Chipmunk check

The world’s human population is predicted by the United Nations Department of Economic and Social Affairs to hit eight billion by 15 November.

Some wild animals are also increasing in numbers. The population of Bengal tigers in Nepal rose to 355 this year from 121 in 2010, the country’s prime minister, Sher Bahadur Deuba, said on 29 July, which is International Tiger Day, citing the latest survey, according to The Guardian. Deuba attributed the increase to a crackdown on poaching of the endangered species.

Another survey found that the giraffe population in Africa is now around 117,000 — 20 percent higher than in 2015, National Geographic reported.

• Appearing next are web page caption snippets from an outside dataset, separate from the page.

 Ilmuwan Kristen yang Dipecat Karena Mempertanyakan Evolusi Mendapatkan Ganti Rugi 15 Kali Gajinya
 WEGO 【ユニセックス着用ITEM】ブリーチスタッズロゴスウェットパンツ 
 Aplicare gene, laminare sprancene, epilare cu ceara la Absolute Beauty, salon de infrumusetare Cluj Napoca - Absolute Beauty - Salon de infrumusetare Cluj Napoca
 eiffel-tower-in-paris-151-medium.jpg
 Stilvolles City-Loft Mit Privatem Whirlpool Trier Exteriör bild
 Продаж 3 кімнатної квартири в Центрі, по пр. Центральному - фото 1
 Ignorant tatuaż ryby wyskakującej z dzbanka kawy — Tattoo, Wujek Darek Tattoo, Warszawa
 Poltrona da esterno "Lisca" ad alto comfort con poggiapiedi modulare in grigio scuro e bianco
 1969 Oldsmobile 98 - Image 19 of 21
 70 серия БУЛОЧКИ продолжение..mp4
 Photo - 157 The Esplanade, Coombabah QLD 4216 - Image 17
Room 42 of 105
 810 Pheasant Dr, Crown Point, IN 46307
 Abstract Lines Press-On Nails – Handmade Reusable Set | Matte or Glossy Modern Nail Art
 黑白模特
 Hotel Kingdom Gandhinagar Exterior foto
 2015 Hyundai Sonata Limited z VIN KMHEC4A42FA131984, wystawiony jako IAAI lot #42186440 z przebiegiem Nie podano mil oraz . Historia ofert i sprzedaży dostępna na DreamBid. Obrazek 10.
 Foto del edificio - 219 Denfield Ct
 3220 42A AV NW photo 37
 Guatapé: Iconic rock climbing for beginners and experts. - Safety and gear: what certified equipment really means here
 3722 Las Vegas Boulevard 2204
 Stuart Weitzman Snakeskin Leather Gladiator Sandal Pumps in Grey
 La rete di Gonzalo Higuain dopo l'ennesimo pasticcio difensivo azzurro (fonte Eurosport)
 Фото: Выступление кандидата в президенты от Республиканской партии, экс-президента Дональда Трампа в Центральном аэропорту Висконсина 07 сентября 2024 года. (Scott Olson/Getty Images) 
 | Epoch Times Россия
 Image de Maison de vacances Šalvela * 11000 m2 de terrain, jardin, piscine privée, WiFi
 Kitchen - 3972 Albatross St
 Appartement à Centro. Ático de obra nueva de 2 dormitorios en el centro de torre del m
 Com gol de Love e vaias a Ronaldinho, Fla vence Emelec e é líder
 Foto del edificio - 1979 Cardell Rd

Meanwhile, there are now 2.7 million grey squirrels in Britain, outnumbering the 140,000 native red squirrels, Agence France-Presse (AFP) reported. Grey squirrels are from the United States and were introduced in Britain in the 1870s.

Grey and red squirrels compete for food, and government scientists are worried the former may overwhelm the latter. Vanessa Fawcett of the Red Squirrel Survival Trust said red squirrels may even go extinct.

Moreover, high densities of grey squirrels also threaten the health and survival of young trees, as they strip back bark, weakening and killing them, according to AFP.

Culling of grey squirrels had been done, but it was ineffective in reducing their population as they breed rapidly, AFP said.

The Animal and Plant Health Agency is now testing a new solution to slow down the animal’s reproduction rate. It put up special feeding boxes in woodlands of northern England and Wales where grey squirrels can eat food laced with oral contraceptives.